Still, pamphlets, handbills, reprints, and other literature denoting Christians as hostile to India are easy to find in the streets. Experts say it is clear an ideology and a rationale for hate have be fed to ordinary Hindu masses in many mid-size cities and rural areas. A leaflet dated May 25 states: "Warning: Put a stop to the evil deeds of the Roman Catholic devils."

The attacks are not viewed as an overarching Hindu-Christian clash of civilizations," say those monitoring them. Rather, they are an example of "manufactured hatred," says one. In his last interview, the late Archbishop de Lastic said, "I will never accept the general statement that it is the Hindus who are attacking Christians. A few fanatics are destroying the age-old religious tradition of peace that is characteristic of India."

Christians provide a "soft target" for growing Hindu nationalist forces. Unlike the Muslims, Christians have no history of fighting back, since their numbers are small and there has been little history of violence against them. (Also, Muslims have an important 15 percent voting bloc.) Ardent Hindu's object to efforts to convert lower-caste Hindus and the 8 percent tribal community in India. Christian missionary schools often educate tribals who learn to read, save money, buy land, and get better jobs - which creates resentment.

"If you attack Christians, you get mileage by being seen as antiforeign, since Christians are presented as part of the hated colonial legacy," says Pramod Kumar, a social-science researcher in Chandigargh.

Attacks on Christians began systematically after the spring 1998 election of the BJP. Churches in Gujarat were attacked and Bibles burned in the summer; that fall, four nuns in Madhya Pradesh were raped. But not until the January 1999 murder of Australian Protestant Graham Staines, who worked with lepers in a rural eastern state, did the issue receive much attention. Mr. Staines and his two young sons were burned alive in a jeep while sleeping.

"When the government says there is no pattern to these crimes, I feel complete exasperation," says John Dayal, national convener of the UCFHR. "There is not just violence, but there is also a hate campaign. Each hateful statement is signed - so there is no ambiguity about it. The right-wing groups are condemned by their statements."

One such statement made to a Times of India reporter last Thursday is an example.
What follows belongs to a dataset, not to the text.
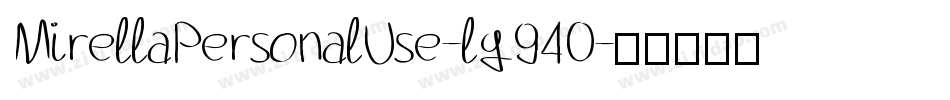 MirellaPersonalUse-lg940字体转换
Dharmendra Sharma, a local leader of the Bajrang Dal, one of a network of Hindu radical groups operating near Mathura, where Brother George was killed, stated that Christians were "bigger enemies" than the Muslims, and said, "We are prepared to use violence. There is no limit."

Speaking of the death of Staines, Mr. Sharma added that, "The two boys should not have been killed, and the way Staines was killed was not good. We should be prepared for any eventuality. But I think a good beating is sufficient to do the job."

This week, following headlines and a letter from the National Human Rights Commission of India, a Bajrang Dal leader denied his group was anti-Christian. He admitted that firearm training of Hindu militant groups had started in northern India. But in a qualification, he said the training was being done "with air guns."

In Western societies that have had bitter ethnic and sectarian violence, antiminority violence is officially condemned - even if incidents continue, experts point out. Today, for example, attacks on Jews in the United States are met with official censure and prosecution. During the spate of black church burnings in the American South in 1997, President Clinton held national seminars. Even in Europe, which largely tolerated a four-year aggression by Serbs against the multi-ethnic Bosnian state in the mid-1990s, elected leaders jointly condemned the pro-Nazi hate rhetoric of Austrian right-wing politician Joerg Haider.

Last week, in an unusually frank statement to the Foreign Correspondents Club in New Delhi, American ambassador to India Richard Celeste said the attacks on Christians raised a "very discordant note" in the country. Ambassador Celeste praised the newly warm relations between India and the United States. He also admitted the attacks send "a contrary message" regarding "India's commitment to secularism and tolerance."